### REQUIREMENT
Would you output the entries below only from the line containing "iXCC ® Quad" through the line containing "JAYO 3D Printer", exactly as they stand and with both ends included?

### PROVIDED RECORDS
***
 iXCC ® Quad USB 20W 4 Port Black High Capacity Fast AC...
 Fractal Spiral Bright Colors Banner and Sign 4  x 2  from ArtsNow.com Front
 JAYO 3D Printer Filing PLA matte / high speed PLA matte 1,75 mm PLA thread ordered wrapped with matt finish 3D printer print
***
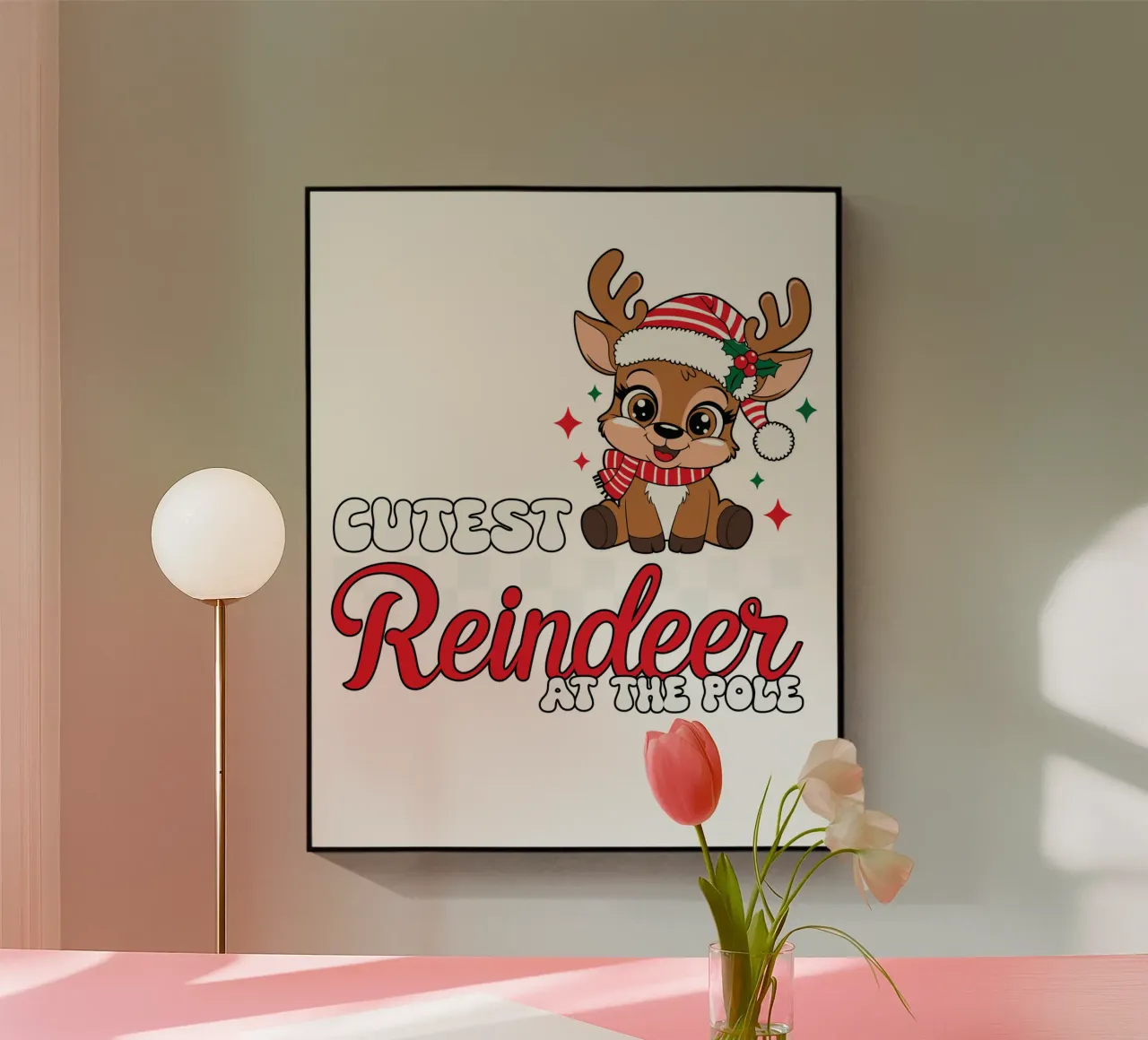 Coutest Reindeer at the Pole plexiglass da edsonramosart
***
### RESULT
 iXCC ® Quad USB 20W 4 Port Black High Capacity Fast AC...
 Fractal Spiral Bright Colors Banner and Sign 4  x 2  from ArtsNow.com Front
 JAYO 3D Printer Filing PLA matte / high speed PLA matte 1,75 mm PLA thread ordered wrapped with matt finish 3D printer print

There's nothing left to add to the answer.